February 2017 – Student Spotlight

Marilyn is the reason we’re doing the 2017 Challenge… we all want to “Be Like Marilyn” & be Younger Next Year. So we asked her a couple of questions because we want you all to know some things YOU can do to be more like Marilyn, Pacific Strength’s Student Spotlight for February.

Pacific Strength: As you know, Marilyn, you’re the inspiration for this “Younger Next Year” challenge. Not only do you act younger (in a good way) than most people half your age, you have more energy too! What’s your secret?

Marilyn: Compulsivity. Like it or not I am a tightly wound ball of endless energy, not really accepting limits to what I can or should do.

PS: You brought me an article on the “Younger Next Year” book and then talked to me about it several times. You were so excited about it that I HAD to read it! Why do you think this book resonated with you so much?

M: The book and their subject just fits my psyche. It is how I have felt about exercise and food for quite some time but needed to see it written in a fantastic, intelligent, book format.  I have always needed to feel like I should exercise all the time but most of my friends and acquaintances would tell me I was “nuts”. I know that most food is full of preservatives and is poison to our bodies, (my favorite quote is “the whiter the bread the sooner you’re dead”) but when I would tell others they would roll their eyes and of course I would talk about the deadliness of white flour and sugar and on and on and on.  So with this book I feel somewhat normal. Along with my many quirks I am a compulsive overeater, white flour and sugar are a serious drug to me, I am a recovering alcoholic, sober 47 years. So I understand obsessive behavior, of which I possess.

PS: In our 2017 Challenge, February’s focus is on getting Exercise Six (6) days every week. In the book, he says that actually 7 is preferable, but they don’t want to scare people away. We know you have been committed to your exercise routine for a while now. How long have you been exercising 6-7 days/week? Is it ever a challenge to get it in? Or is it just your routine now?

M: Not sure how long, I have always been compulsively (there is that word again) active. Once I decided to enter the first LA Marathon in 1986, I was 47 yrs old at the time, never ever running, I walked and thought I would die, my feet were bleeding and I was a wreck, so I decided to run (jog slowly and walk quickly) 10 marathons by the time I turned 50, I did in fact I went on to do 7 more after turning 50. So daily exercise, if possible became a habit in my busy life, working full time and caring for my family and husband.

The total freedom to really dedicate myself to exercise every day happened when I retired from a full time job in Dec. 2016,  I know that doing this and eating correctly and less portions will carry me on to a very long lifetime.

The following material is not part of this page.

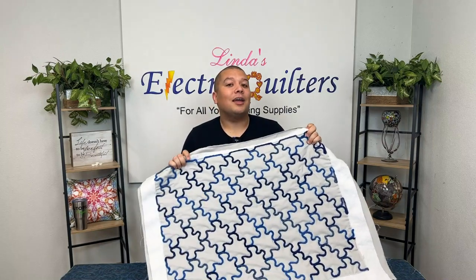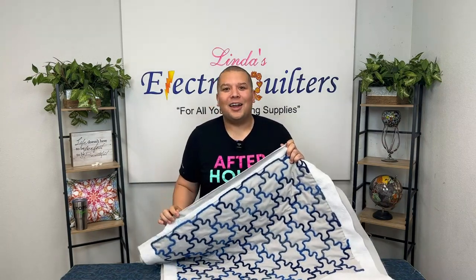I hope you enjoyed tonight's video on how to do some couching on your long arm. I'll see you next time here on After Hours. Bye!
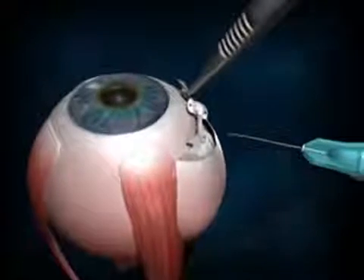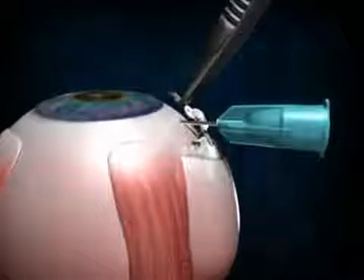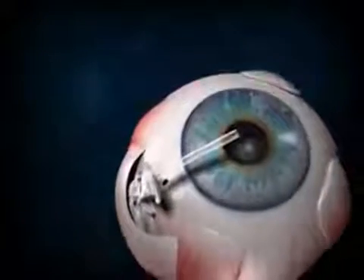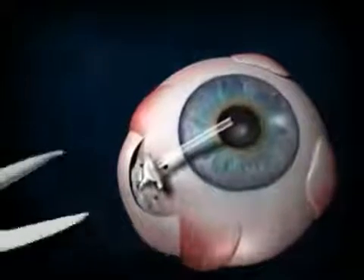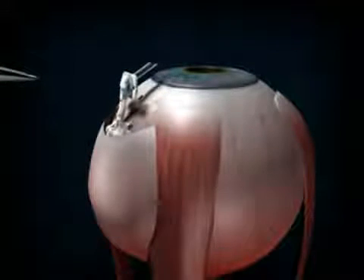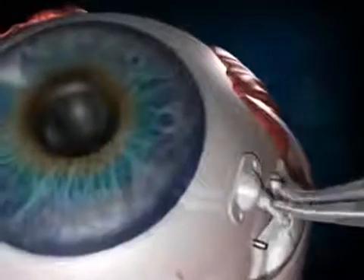Placement of the tube in the pars plana. Using a 23-gauge needle, make a needle track about 3 to 4 millimeters away from the limbus where the partial vitrectomy has been performed. Measure the tube to be 3 to 4 millimeters from the needle track. Take sharp cutting scissors and cut the tube beveled upwards. Dispose of the excess tube. Move the clip over the tube so that the end of the tube can be inserted into the 23-gauge needle track. Make sure that the implant tube is placed in the area where the partial vitrectomy was performed.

PS: You started at Pacific Strength back in 2009. What has made you come back all these years and if I can quote you, “Actually pay for this kind of torture!?!”.

M: Val, Gina, Sharon & Gabby make me come back for MORE.  I have found a place where I fit in and belong and that is the secret of Pacific Strength. My children are grown and gone, my husband has gone, hopefully to heaven, my grandchildren and great children are mostly grown, so the family I have found at Pacific Strength makes me feel complete.  I am waiting to achieve more and more and possibly grow up with all of you.

PS: For someone who is intimidated by kettlebells or thinks our classes might be too challenging, what would you say to them?

M: There is no limit to what you can accomplish when you bring “strength training” into your lives, it is what will keep you fueled as you age (a word we don’t like) but so true.  Any age you enter into a strength training program is the right age!! I began at 70 . . . in April I will be 78 (good grief)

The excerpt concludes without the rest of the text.